Simplifying Design of Pulse Rate/Blood-Oxygen Wearables

Pulse rate and blood-oxygen (SpO2) levels are easily measured by the hardware, software, and algorithms of the MAXREFDES117# reference design

Wearable devices for personal health and wellness are a fast-growing market. There are the wristband devices (typified by Fitbit and Garmin, among others), but they are only a starting point. There's also tremendous interest in more advanced wearable devices for cardiac monitoring of heart rate and blood-oxygen (SpO2) levels, as these provide significant insight into heart function and health. For maximum insight, this monitoring needs to be done 24/7 (or nearly so), during both activity and rest states.

What's interesting is that measurement of heart rate and blood-oxygen levels presents two very different situations, but they are converging. Obviously, heart rate is a non-invasive, easy-to-measure parameter, at least in principle: all you need is access to the subject's wrist, a watch to measure the time, and perhaps someone else to take the reading. However, despite the apparent ease of doing it, it can’t be done continuously, though it can be done frequently – but the subject has to be in a sitting (quiescent) mode.

Blood-oxygen readings present a very different story. [Oxygen saturation refers to the fraction of oxygen-saturated hemoglobin relative to total hemoglobin (unsaturated + saturated) in the blood.] Until the 1970s, it could only be measured using the invasive procedure of taking a blood sample and then sending it to a lab. This is clearly an unpleasant and even risky scenario in many ways, and obviously limits the frequency of updates (and the cost is substantial, too). However, using optical attenuation readings through the skin and blood vessels at two different wavelengths, it is possible to determine SpO2 levels accurately, continuously, and in real time.

Why Consider a Reference Design?

If all that was needed for an effective pulse oximetry system was a few LEDs, photosensors, and ICs, it would seem to be a fairly simple design and the end of the story. However, the reality is far more complicated, as is almost always the case in most real-world test and measurement situations, especially if it is a medical application.

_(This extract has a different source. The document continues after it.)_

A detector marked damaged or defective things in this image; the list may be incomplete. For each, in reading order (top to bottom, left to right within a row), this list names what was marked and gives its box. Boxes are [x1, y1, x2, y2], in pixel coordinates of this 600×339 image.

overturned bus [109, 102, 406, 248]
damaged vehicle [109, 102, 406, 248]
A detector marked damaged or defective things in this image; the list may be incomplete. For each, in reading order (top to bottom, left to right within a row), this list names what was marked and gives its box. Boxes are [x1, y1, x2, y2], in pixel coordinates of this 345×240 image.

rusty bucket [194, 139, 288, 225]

That's why Maxim developed the MAXREFDES117# reference design, a low-power, optical heart-rate module which includes integrated red and IR LEDs and a power supply. This tiny board (just 0.5in × 0.5in/1.25cm × 1.25cm, Figure 1) can be placed on a finger or earlobe to accurately detect heart rate.  It includes a heart-rate/SpO2 sensor (MAX30102), a step-down converter (MAX1921), and an accurate level translator (MAX14595), Figure 2.

Figure 1. Learn how Maxim’s MAXREFDES117# reference design simplifies design of wearable devices that measure pulse rate and blood-oxygen levels.

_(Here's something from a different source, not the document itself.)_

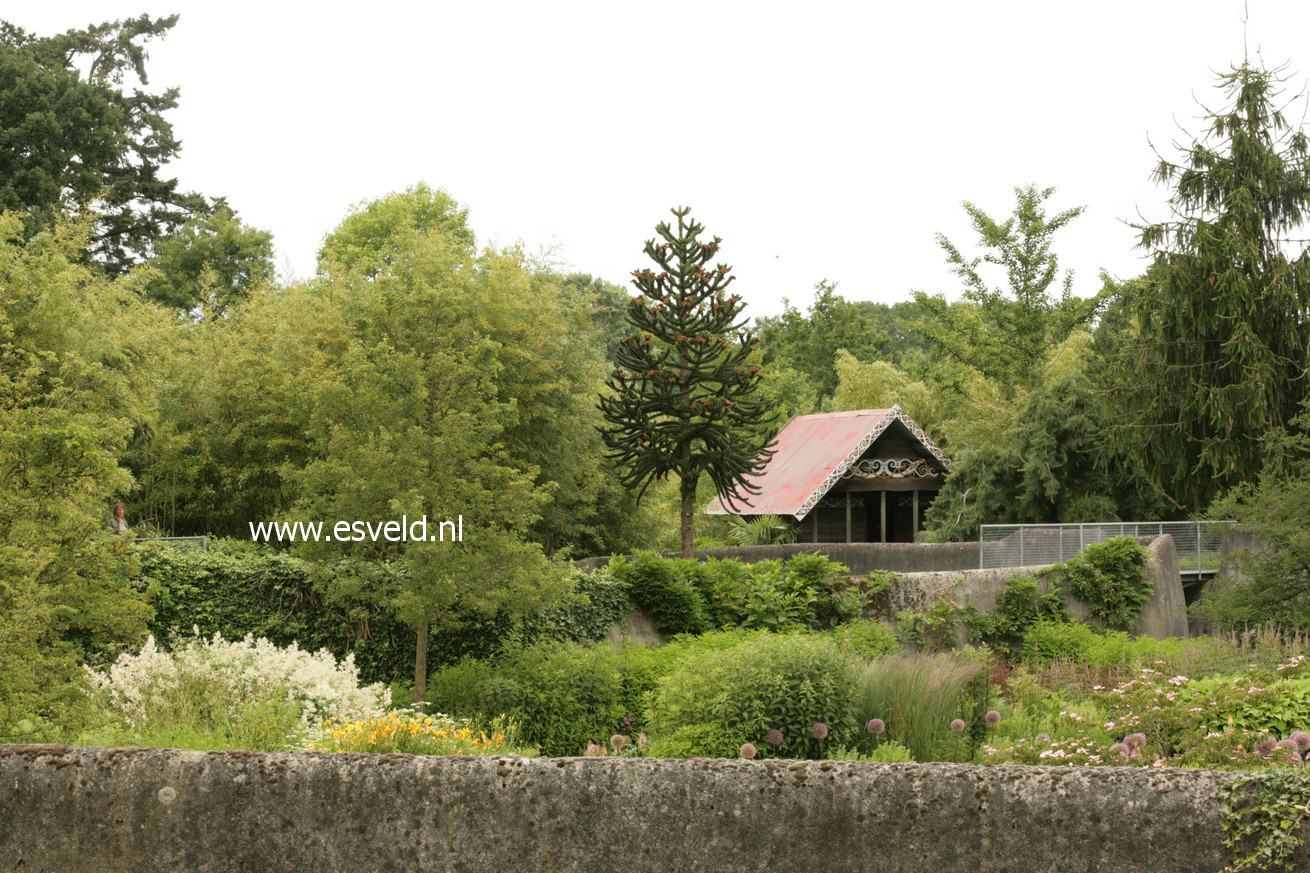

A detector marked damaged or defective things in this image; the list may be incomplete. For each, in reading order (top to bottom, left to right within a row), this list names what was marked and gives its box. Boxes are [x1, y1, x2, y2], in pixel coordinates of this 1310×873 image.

Figure 2. With the MAXREFDES117# reference design, designers can test out their ideas and also integrate it into a larger medical device.

What are the challenges of heart-rate sensing that the MAXREFDES117# reference design addresses? First, the basic sensor data is corrupted by noise (such as minute user movement) as well as other aberrations. Further, the relationship between light transmission and the two parameters being measured–especially SpO2–is not a simple table look-up or curve fitting between data and final answers. Instead, it is quite complicated, with calibration, compensation, and determination of some equation constants, plus allowance for component variations, temperature coefficients, and other factors. Even test and verification of results is a challenge.

But compact, complete hardware is only part of the needed design. This module works with both Arduino and the ARMRegistered mbedTm platforms for quick testing, development, and system integration. It also includes a basic, open-source heart-rate and SpO2 algorithm in the example firmware.

The inclusion of the heart-rate algorithm, which users may modify and improve as desired, is a major part of the reference design's story. In the AACN Procedure Manual for Critical Care, Sandra L. Schutz  details why the path from raw sensor reading to meaningful, accurate readout is a complex and subtle one. It depends on the application scenario (such as sedate v. active), which is why the algorithm itself may need to be fine-tuned by the OEM; a product for an athlete in motion is different in form factor, user interface, and even algorithm specifics than one designed solely for a subject at rest. These scenarios fit under the category of motion rejection.  Admittedly, MAXREFDES117# does not have an accelerometer nor subsequent motion rejection.

To get the reference design operational, the user has to do one simple thing: just add a 2V to 5.5V supply; dissipation is around 5mW, with current demands in the low single-digit mA range. The BOM, schematics, layout files, and Gerber files are all available from the Design Resources tab at Maxim's site. If that's not enough, the reference design's boards are even available for purchase from Maxim.

The Maxim reference design is so complete that users can package it as-is in their final product, thus avoiding the need to "reinvent the wheel" (so to speak) of a basic, ready-to-go design for a photoplethysmogram (PPG-optical)-based heart-rate/SpO2 sensor. Alternatively, they can use it as a part of a larger medical device, which simultaneously senses, measures, and monitors multiple health and activity parameters.